— Конечно, — соглашается Николаев, — в целом изменить не может. Но на какой-то из важнейших этапов этой операции повлиять сможет. И причем существенно. Внезапный удар… Не шутка! Опасность этого удара никто не может предопределить, пока мы не знаем, откуда его ждать. — Николаев опять поворачивается к Тагильцеву. — Дайте мне район сосредоточения этого корпуса невидимки. Кровь из носу, а дайте! Дадите — сумеем сделать из него лапшу. Нынче сил у нас на это хватит!
— Дадим, — уверенно говорит Тагильцев. — Дайте время — дадим.
— Нет, дорогой полковник, — жестко усмехается Николаев, — времени-то как раз нам ныне и не дано. Все предоставлено: люди, оружие, техника, а времени — нет! Больше трех дней не даю.

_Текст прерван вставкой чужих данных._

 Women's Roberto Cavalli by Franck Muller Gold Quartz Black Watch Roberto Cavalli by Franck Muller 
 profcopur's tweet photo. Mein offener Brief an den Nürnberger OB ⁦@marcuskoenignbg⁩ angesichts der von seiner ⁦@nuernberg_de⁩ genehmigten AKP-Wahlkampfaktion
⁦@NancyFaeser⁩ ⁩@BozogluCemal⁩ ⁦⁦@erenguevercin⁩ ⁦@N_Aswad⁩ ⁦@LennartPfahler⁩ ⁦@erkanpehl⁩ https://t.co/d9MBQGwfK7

Извольте через три дня членораздельно доложить о новом местоположении этого резервного корпуса.
— Постараемся, — менее уверенно произносит Тагильцев и вновь угрюмо косится на тусклое окно.

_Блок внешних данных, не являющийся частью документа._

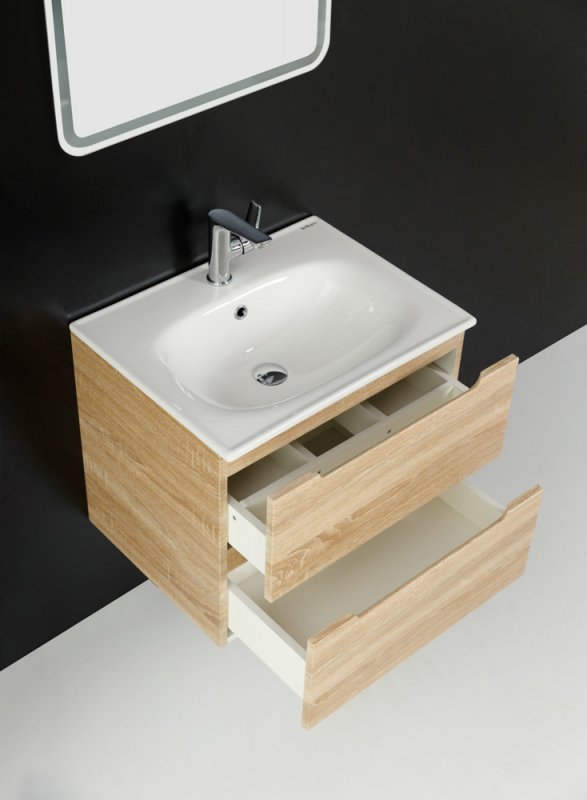 Тумба с раковиной подвесная BelBagno ETNA 60 Rovere Bianco, раковина белая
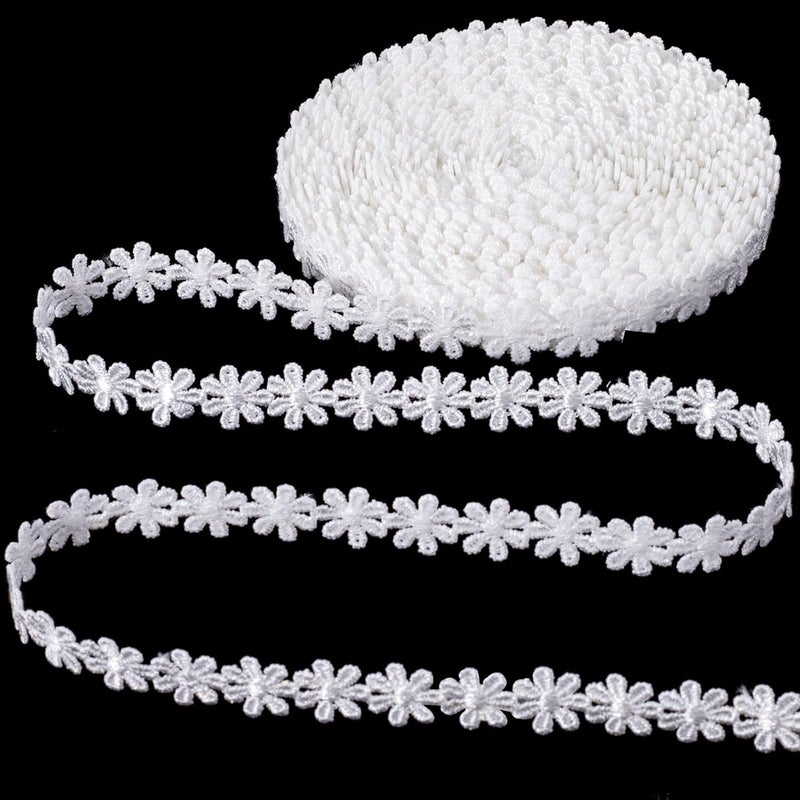 Deozu 4 Yards Lace Trim, Vintage Crocheted Lace Ribbons, Embroidery Laces for DIY Crafts, Bouquet, Sewing, Wedding, Wrapping, Decoration (Creamy White, 0.55" Wide) - Image 1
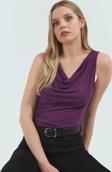 Yazlık Modal Örme Bluz Fitted Kalıp Degaje Yaka Rahat Günlük Stil Kullanım İçin
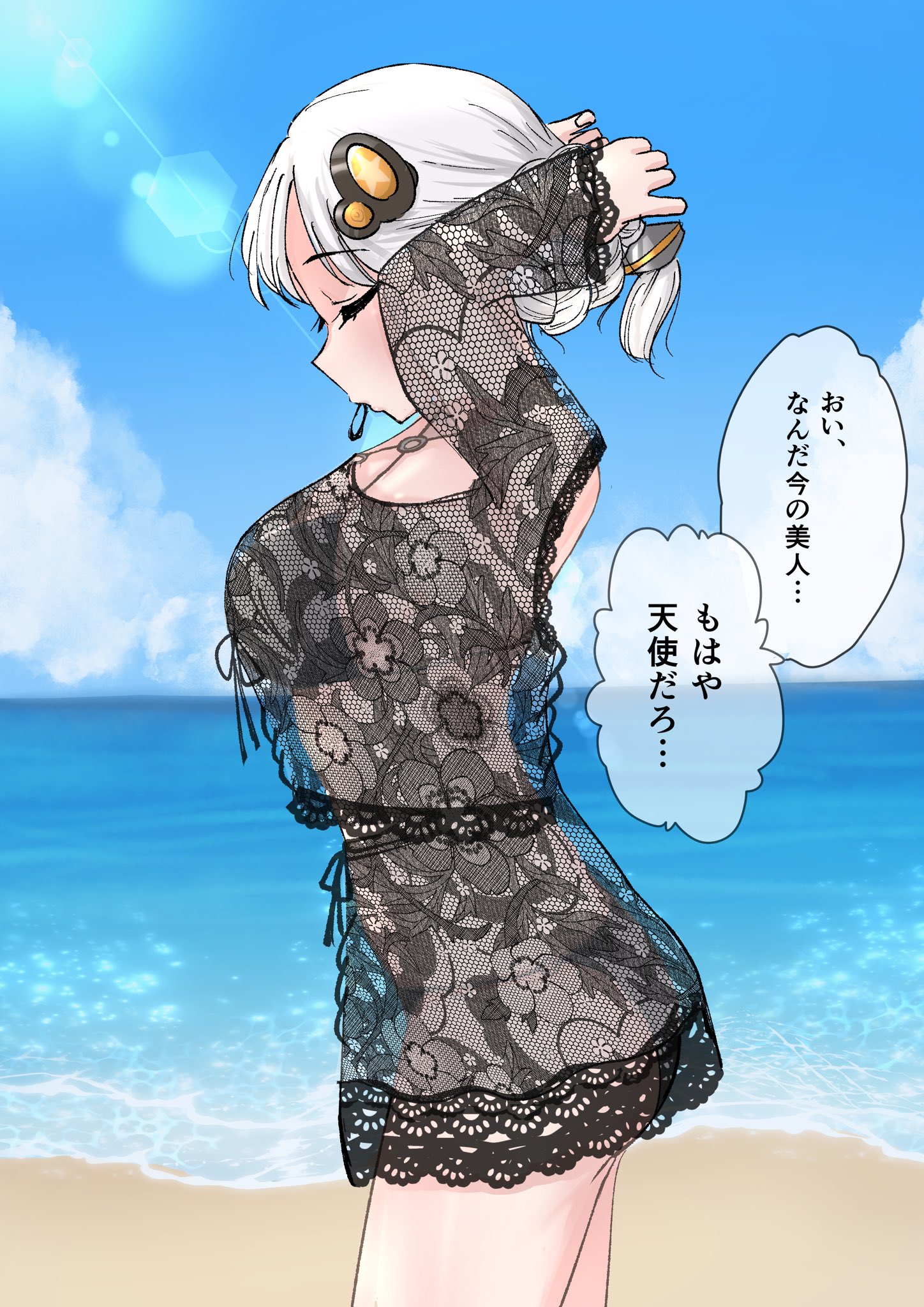 akazhima, kizuna akari, voiceroid, commentary request, highres, 1girl, alternate costume, alternate hairstyle, beach, bikini, bikini under clothes, black bikini, braid, breasts, closed eyes, dress, feet out of frame, floral print, floral print dress, hair ornament, hair tie in mouth, lace, lace-trimmed dress, lace dress, lace trim, large breasts, long sleeves, mouth hold, o-ring, o-ring bikini, ocean, ponytail, print dress, shore, short ponytail, solo, swimsuit, tying hair, white hair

— Что вы думаете предпринять? — уже по-деловому спокойно спрашивает Николаев.
— Предприняли. Сегодня ночью в тыл к немцам дополнительно заброшено несколько разведгрупп. Поскольку метеослужба летной погоды на ближайшие дни не обещает, то основные надежды возлагаю на радиоперехватчиков.
— Это почему?
— Погодка-то… — Полковник кивает на окно. — Снег, холода… Немцы не большие охотники прокладывать телефонные линии в таких условиях. Да и по логике вещей едва ли найдется у соединений, только что произведших передислокацию, достаточное количество кабелей и проводов для прокладки десятков километров новых линий. К тому же местность изрезана балками, стройматериалов нет. Тут вся надежда на радио. В этом деле немцы мастаки.
— Допускаю, — соглашается командующий.
— Потому будем надеяться, что, заняв новый район, соединения корпуса начнут отрабатывать радиосвязь. Ну, а поскольку их станции выйдут в эфир — наши радиоперехватчики быстро их обнаружат.
— Вы уверены?
— Уверен.
— Кто у вас руководит этим делом?
— Майор Савушкин. Командир батальона фронтовой радиоразведки.
— Молод?
— Тридцать лет.
— Опытен? Грамотен?
— Чрезвычайно! — неожиданно произносит Сталемахов. — Мне пришлось убедиться в способностях Савушкина еще под Москвой. Его данные были всегда безупречны. Отличный специалист и командир. Думающий.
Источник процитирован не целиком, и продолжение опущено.